# [Source material]
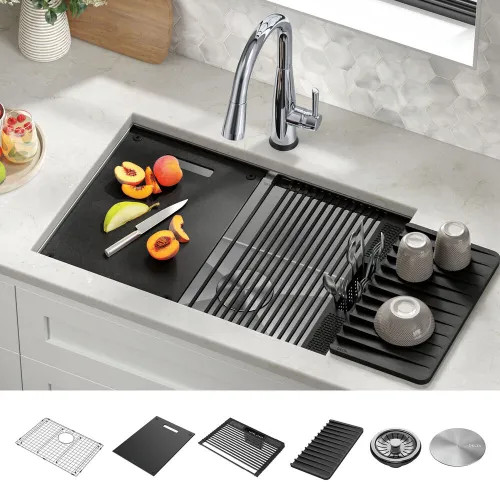 Delta Rivet 27 x 19 x 9-1/2 Single Bowl Undermount Workstation Kitchen Sink Kit, Stainless Steel - 95B931-27S-SS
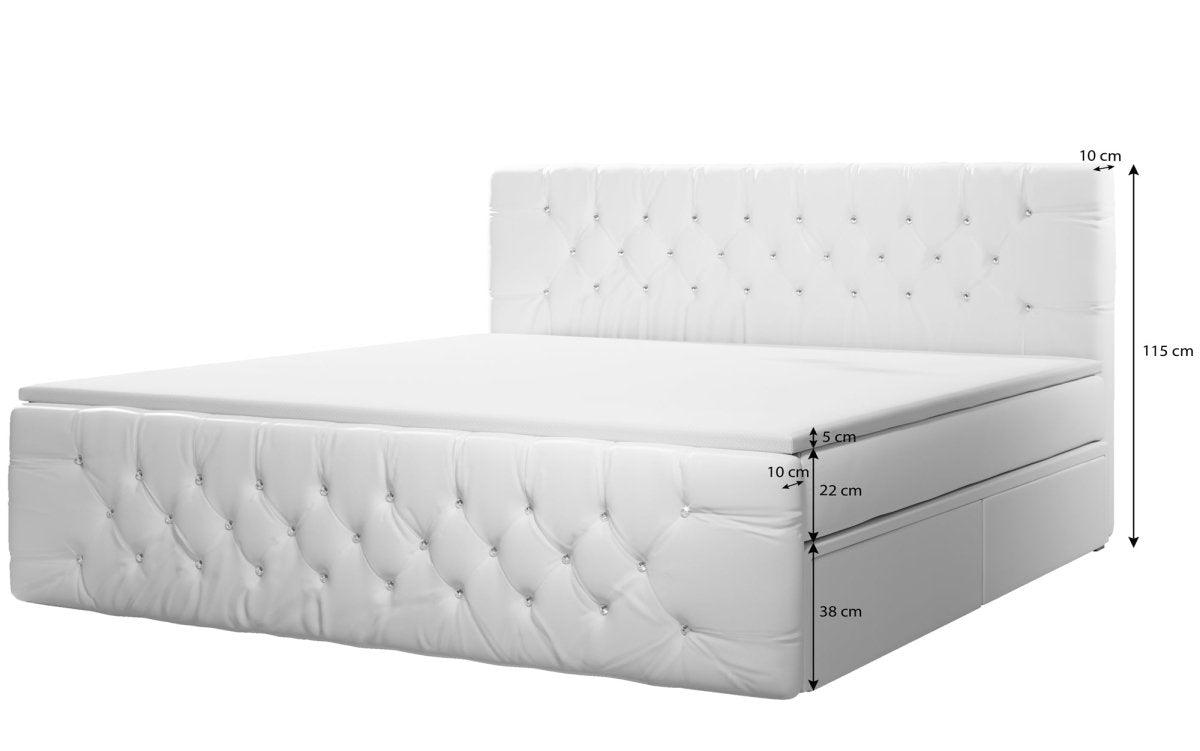 Boxspringbett Julietta mit Strass und Stauraum - Luxusbetten24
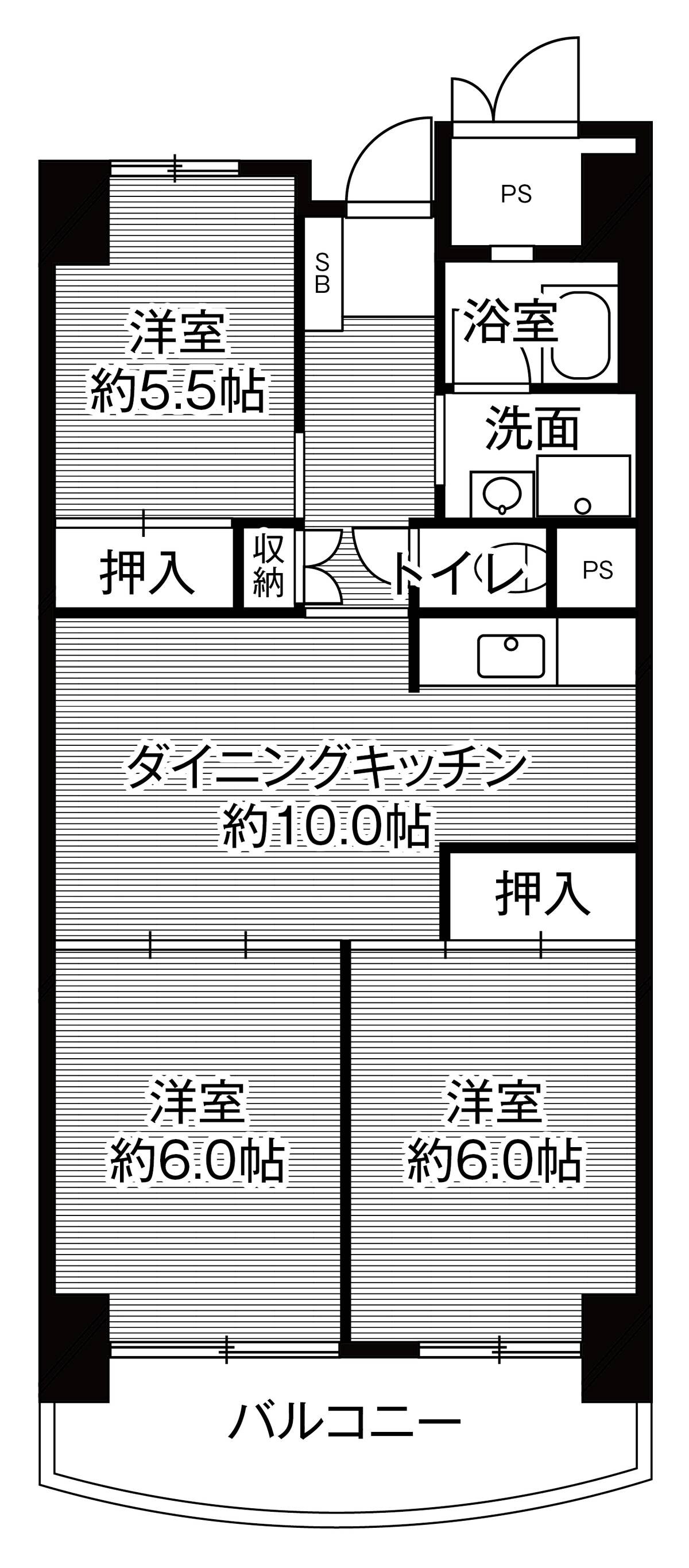 ビレッジハウス香椎浜タワー1号棟 (301号室)の物件間取画像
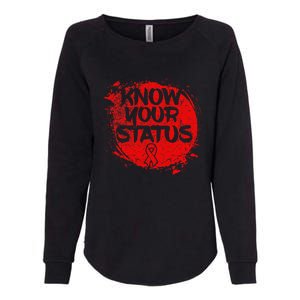 Know Your Status World Hiv Aids Awareness Day Red Ribbon Womens California Wash Sweatshirt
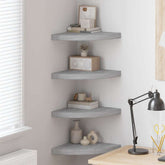 Wall Corner Shelf Set of 4 Concrete grey Honeycomb MDF, Metal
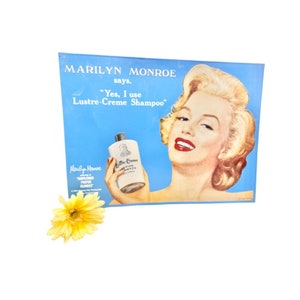 Vintage Marilyn Monroe Metal Promo Sign / Vintage Metal Lustre Crème Shampoo Promo Sign / Collectible Marilyn Monroe Metal Sign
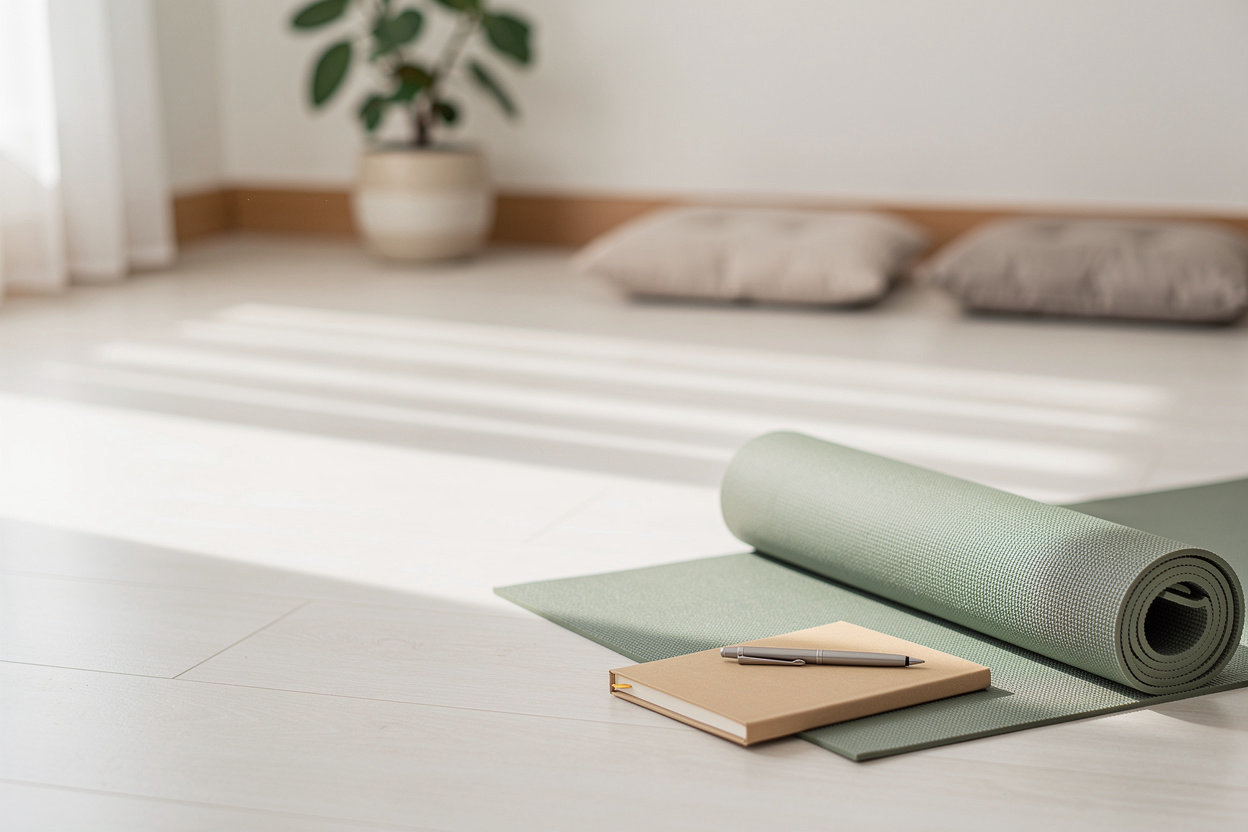 Simple yoga mat and notebook arranged in a calm space, representing gentle online hatha yoga for beginners at Hatha Yoga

# [Exercise description]
Your task is to give again, unchanged, the lines from the line that contains "Wall Corner Shelf" to the end of the records. Include both end lines but no pictures.

# [Your response]
 Wall Corner Shelf Set of 4 Concrete grey Honeycomb MDF, Metal
 Vintage Marilyn Monroe Metal Promo Sign / Vintage Metal Lustre Crème Shampoo Promo Sign / Collectible Marilyn Monroe Metal Sign
 Simple yoga mat and notebook arranged in a calm space, representing gentle online hatha yoga for beginners at Hatha Yoga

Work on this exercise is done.